To our fellow LGBTQ+ family members, be patient. There are definitely times you’re going to feel like the sideshow at the circus. Remember that a lot of the places that travelers go may not have encountered many of us. Unless you’re threatened, mistreated, or bullied by them, take the opportunity to teach them about our community! You don’t know what’s going on with them. We’ve found out in more than one instance that the ‘prying’ coworker was being invasive because they weren’t sure of themselves and had never met anyone else ‘like them’ to talk to in a safe setting. We don’t have enough combined fingers and toes to count together how many questioning individuals we’ve come across in three and half years. Conversely, if something feels off, it probably is. If you don’t feel safe enough to come out in the workplace, that’s okay.


What are some good resources for others working as medical travelers in the LGBTQ+ community? 



What advice would you give to other medical professionals about treating LGBTQ+ patients?

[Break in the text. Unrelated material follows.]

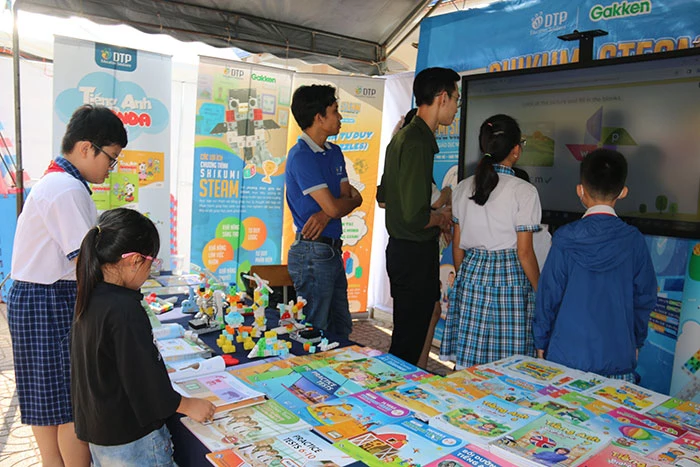 Rộn ràng Ngày hội giáo dục quận Bình Thủy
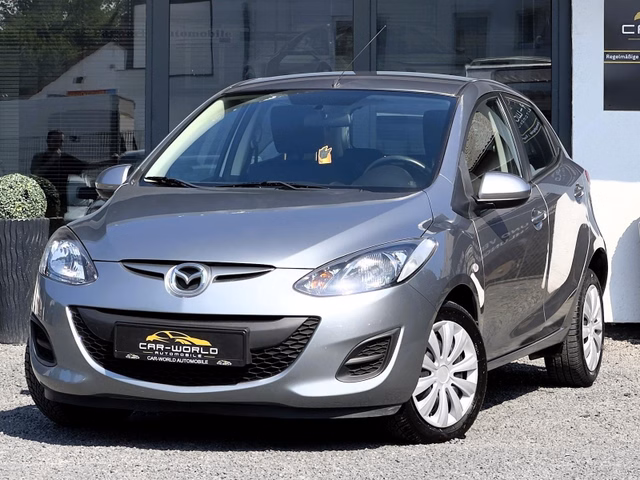 Mazda 2 1.5 Center-Line Inspektion Neu Garantie Gebrauchtwagen Kaufen | EZ 01/2014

To medical professionals treating LGBTQ+ patients, remember that we are humans. There haven’t been many medical professionals we’ve encountered that react negatively, but they are out there. Recognize your own biases. Everyone has them, including us. We as a community fully expect to be reacted to negatively. Help be part of the change! Do NOT, under any circumstance EVER “out” (telling others about the person’s orientation) a patient to family, friends, or other people. Not only is it disrespectful to the person, you may be placing them in danger if they are in unsafe/unhealthy environments.


"LGBTQ+ patients have unique health issues, most of which are going to be mental health issues. Many of us have gender dysphoria (struggle with our gender identities), depression, and anxiety. The biggest impact any healthcare professional can make on this community is giving these individuals a safe place."


Keep phone numbers and resources readily available for these patients. The National Suicide Hotline is so important. Nonjudgmental active listening will get you so far with these patients. They’re probably waiting for you to try and ‘talk them out of’ their orientation, ‘fix’ them, or dismiss them as crazy. Remind them that they are human, they matter, what they have to say matters, and that you’re there to help them if they’re willing to let you. Find out what the real concern is and help walk them through it. If you’re not sure how, there are so many resources available to providers!